Is there any efficient way to recognize the encoding of texts downloaded from the internet? I did a scraping of any site (see code below) and I can not find the correct encoding.
In the source code META tag the specification is "iso-8859-1" (latin1). But when I specify this setting, it still does not work ...
library(XML); library(httr)
url = "http://www.encontroabcp2014.cienciapolitica.org.br/site/anaiscomplementares?AREA=8"
site_gt = content(GET(url))
resumos_gt = xpathSApply(site_gt,'//div[@style="display:none;"]', xmlValue)
resumos_gt[1]
In this result, I get something like: "Estudos Legislativo no Brasil têm concentrado suas pesquisas nos âmbito federal e estadual"
. How can têm
become também
and âmbito
transform into âmbito
?
I tried everything that came to mind. And nothing worked:
iconv(resumos_gt[1], from="UTF-8", to = "latin1")
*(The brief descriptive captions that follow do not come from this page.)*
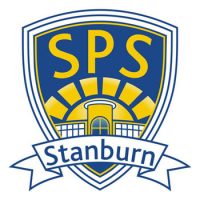 Stanburn Primary School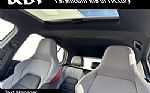 2022 Golf GTI Thumbnail 32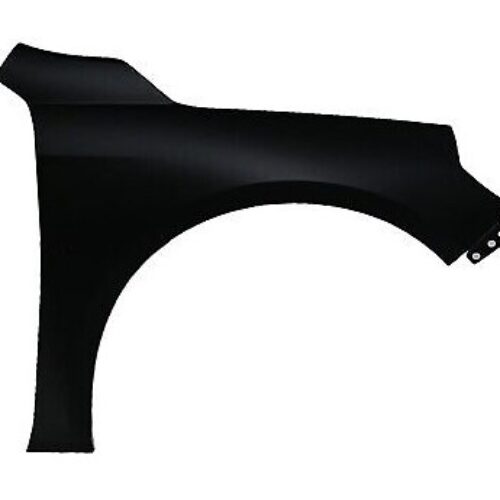 2023 Chevrolet Malibu . Front Driver Side Fender (CAPA Certified)OEM #23374117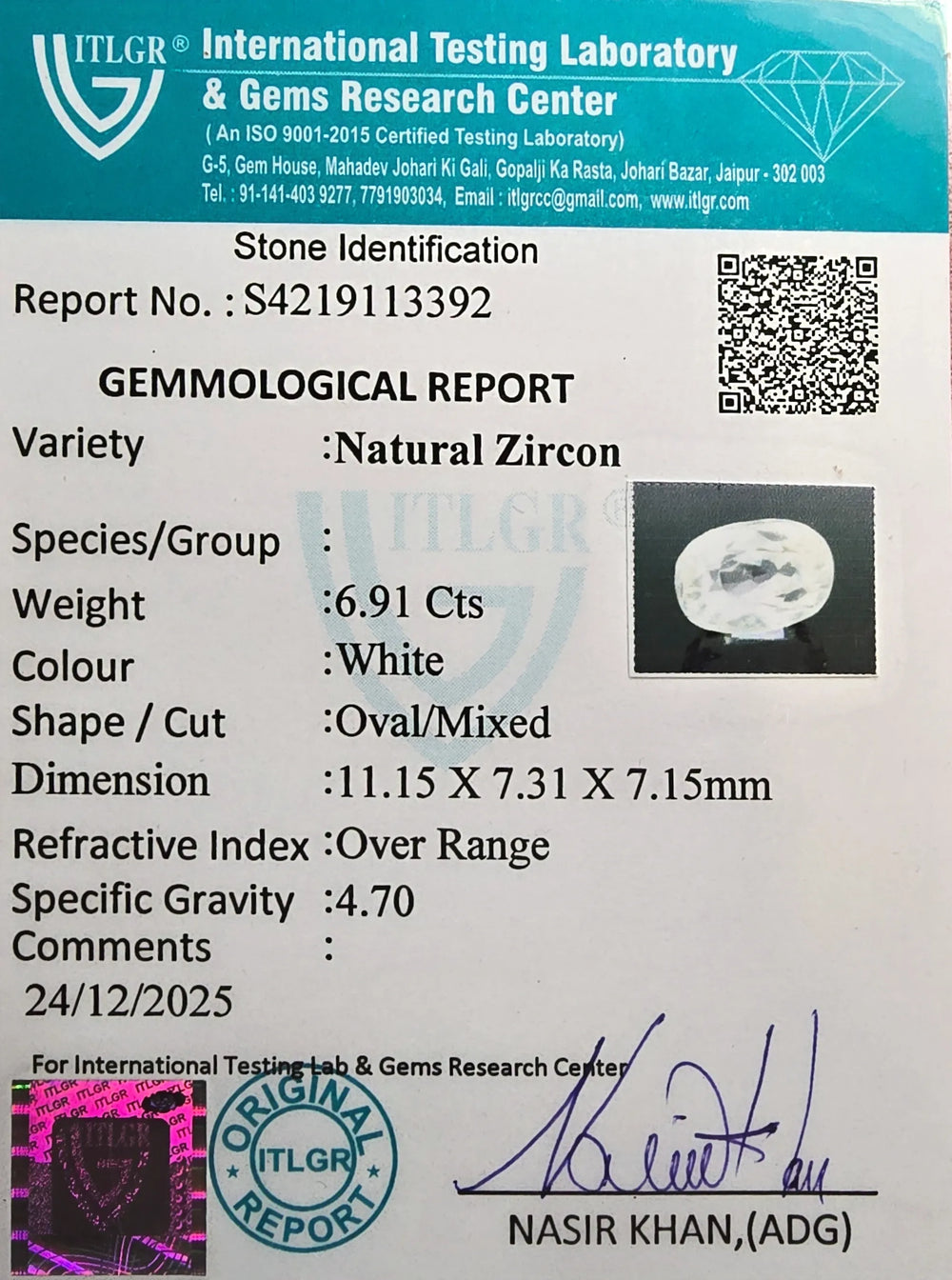 ITLGR_113392_CERTIFICATE.webp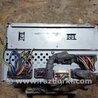 ФОТО Магнитола для Honda Pilot 2 MR-V YF3/4 (2008-2015) Киев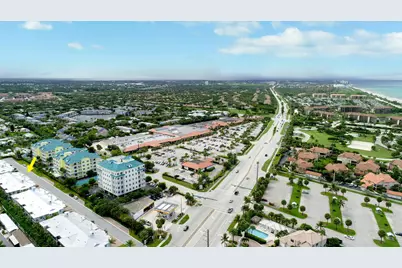 114 Ocean Breeze Drive, Juno Beach, FL 33408 - Photo 28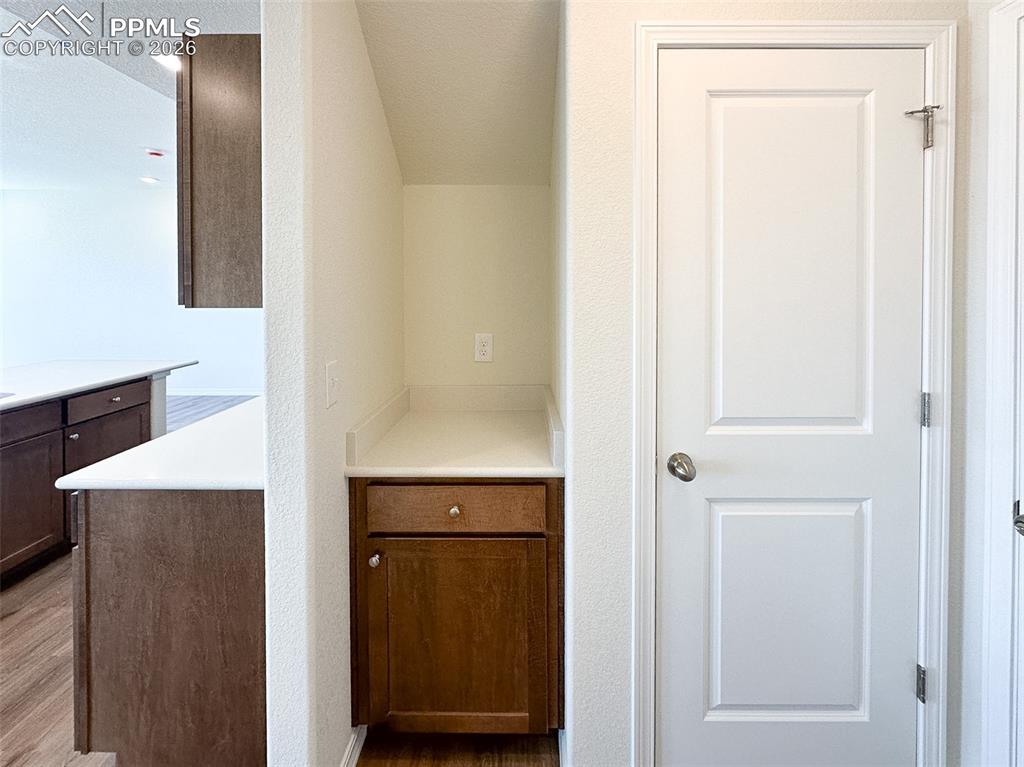 10945 Jolie Court Falcon CO 80831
iconv(resumos_gt[1], from="UTF-8", to = "latin2")
iconv(resumos_gt[1], from="UTF-8", to = "iso-8859-15")
iconv(resumos_gt[1], from="UTF-8", to = "latin1//TRANSLIT")
iconv(resumos_gt[1], from="UTF-8", to = "latin2//TRANSLIT")
iconv(resumos_gt[1], from="UTF-8", to = "iso-8859-15//TRANSLIT")
iconv(resumos_gt[1], from="latin1", to = "UTF-8")
iconv(resumos_gt[1], from="latin2", to = "UTF-8")
iconv(resumos_gt[1], from="iso-8859-15", to = "UTF-8")
iconv(resumos_gt[1], from="latin1", to = "UTF-8//TRANSLIT")
iconv(resumos_gt[1], from="latin2", to = "UTF-8//TRANSLIT")
iconv(resumos_gt[1], from="iso-8859-15", to = "UTF-8//TRANSLIT")
####
iconv(resumos_gt[1], from="latin1", to = "ASCII")
iconv(resumos_gt[1], from="latin2", to = "ASCII")
iconv(resumos_gt[1], from="iso-8859-15", to = "ASCII")
iconv(resumos_gt[1], from="latin1", to = "ASCII//TRANSLIT")
iconv(resumos_gt[1], from="latin2", to = "ASCII//TRANSLIT")
iconv(resumos_gt[1], from="iso-8859-15", to = "ASCII")
iconv(resumos_gt[1], from="ASCII", to = "latin1")
iconv(resumos_gt[1], from="ASCII", to = "latin2")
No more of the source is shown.